Syndrome de Lynch et cancers urologiques
Une équipe de chercheurs texans s'est intéressée au syndrome de Lynch, en tant que cause de cancers urologiques. Elle a pu constater que ce phénomène était généralement trop peu connu et qu'aucune stratégie de dépistage n'avait été élaborée que ce soit au niveau du meilleur test à utiliser ou de la fréquence de dépistage. Une sensibilisation des urologues devrait, selon eux, s'envisager. Des recommandations sont proposées...
Le syndrome de Lynch ou cancer colorectal héréditaire sans polypose est une maladie génétique assez commune. Ce qui est moins connu, c'est que les patients qui présentent un tel syndrome ont une prédisposition à développer des cancers urologiques, en particulier des carcinomes urothéliaux de la partie proximale du tractus urinaire.
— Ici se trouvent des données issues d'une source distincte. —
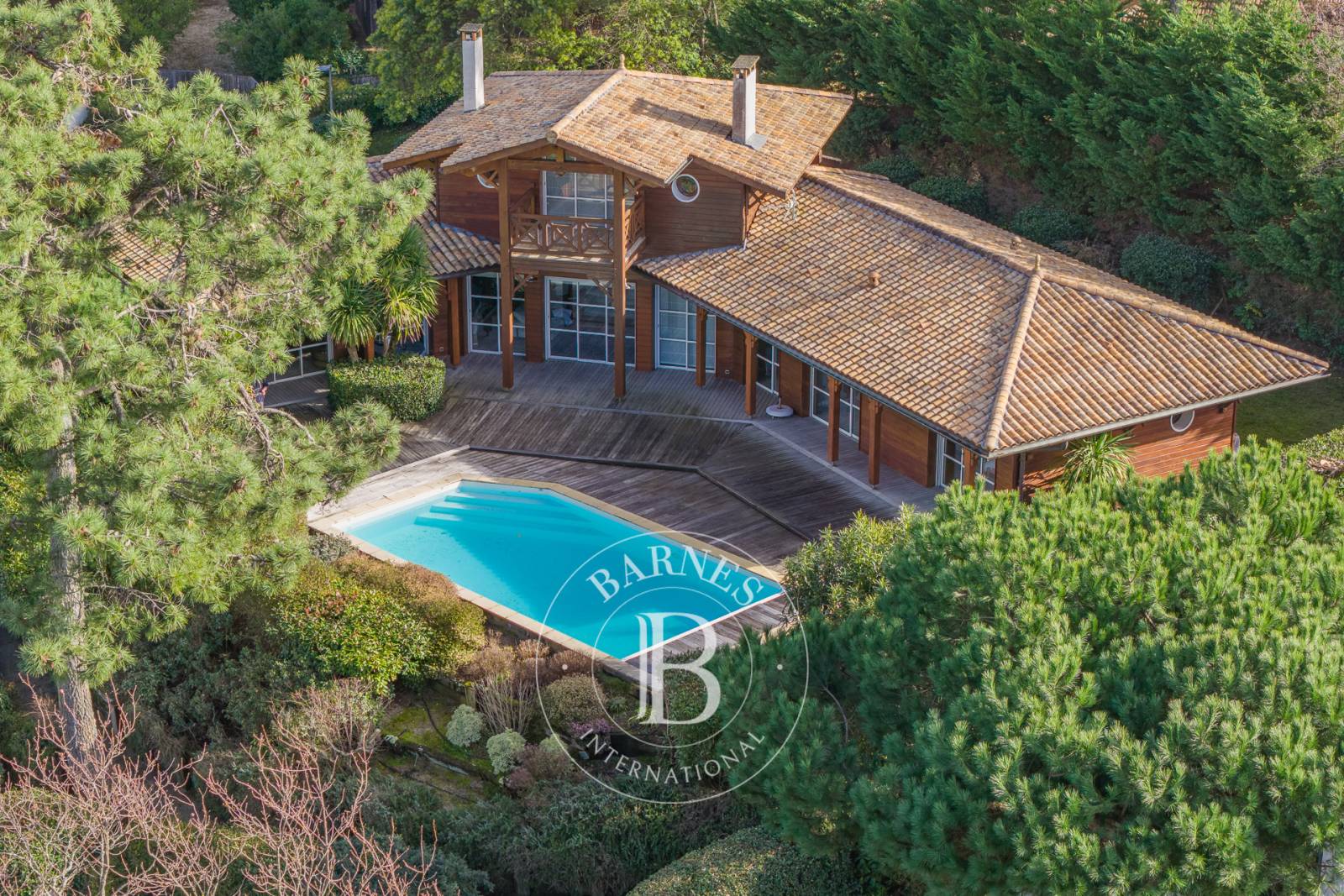 VILLA D’EXCEPTION AU PYLA-SUR-MER AVEC PISCINE ET VUE PANORAMIQUE SUR LE BASSIN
Aucune étude randomisée ou prospective
En analysant la littérature scientifique disponible, l'équipe du réputé centre MD Anderson (Université du Texas) a constaté qu'aucune étude randomisée ou prospective n'avait été réalisée pour évaluer le syndrome de Lynch dans un contexte de cancers urologiques. Toutes les données connues se basent sur des études rétrospectives.
Physiopathologie de l'affection
Le syndrome de Lynch est une maladie génétique autosomique dominante liée à des mutations germinales de 4 gènes de réparation des anomalies d'appariement des acides nucléiques (gènes MMR ou 'mismatch repair genes'). Ces mutations donnent lieu à une accumulation d'erreurs dans l'ADN, surtout dans des régions de séquences microsatellites. Jusqu'à 28% des patients présentant un syndrome de Lynch développeront des carcinomes urothéliaux.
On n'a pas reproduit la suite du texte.